Top of INFORMATION
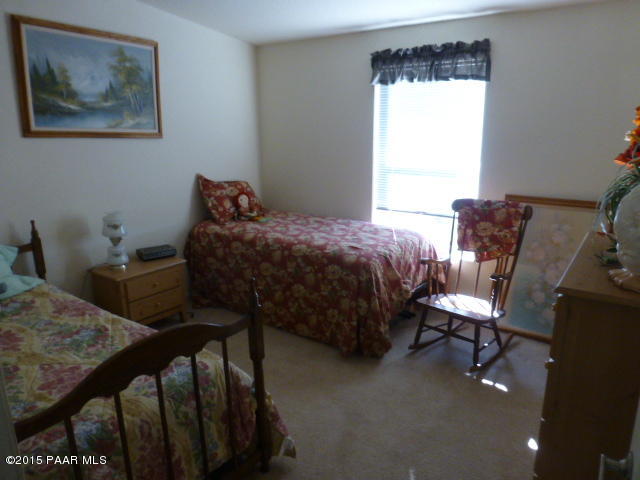 3893 Verde Road Ash Fork, AZ 86320 - Photo 33 of 33 a bedroom with a bed chair and window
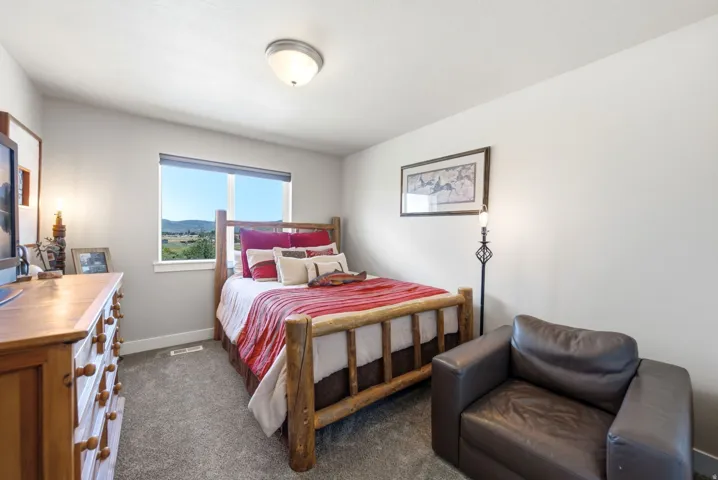 Carpeted room with a fixed window, flush mount ceiling light, and light-toned walls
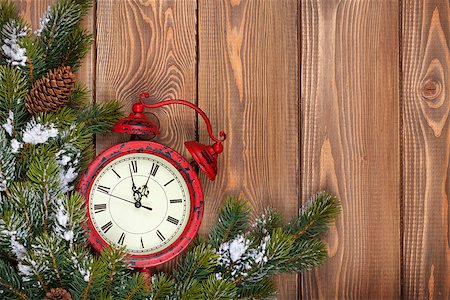 Christmas wooden background with clock, snow fir tree and copy space Stock Photo - Budget Royalty-Free & Subscription, Code: 400-07917440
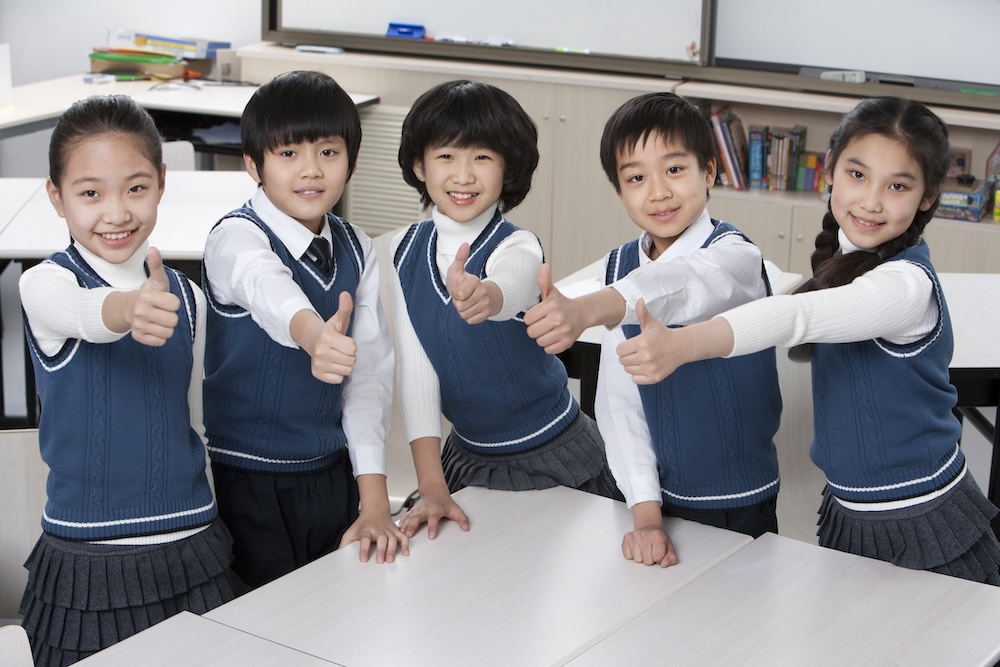 Chinese students giving thumbs up in the classroom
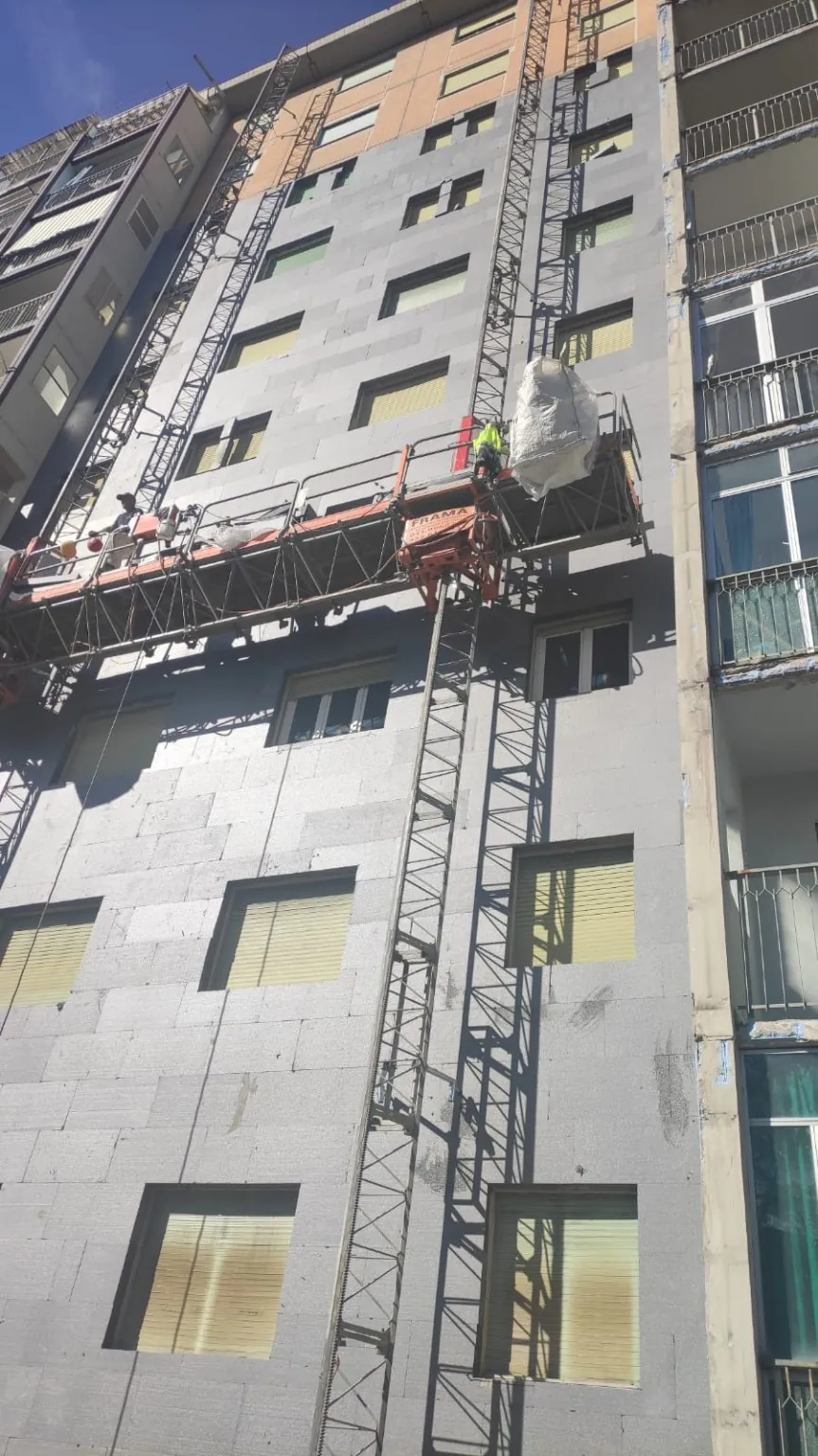 Facciata in lavorazione con superfici rasate e piattaforma autosollevante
Bottom of INFORMATION
#### EXERCISE AIM
Copy the data verbatim, skipping any image it holds.

#### RESPONSE FOR THIS EXERCISE
 3893 Verde Road Ash Fork, AZ 86320 - Photo 33 of 33 a bedroom with a bed chair and window
 Carpeted room with a fixed window, flush mount ceiling light, and light-toned walls
 Christmas wooden background with clock, snow fir tree and copy space Stock Photo - Budget Royalty-Free & Subscription, Code: 400-07917440
 Chinese students giving thumbs up in the classroom
 Facciata in lavorazione con superfici rasate e piattaforma autosollevante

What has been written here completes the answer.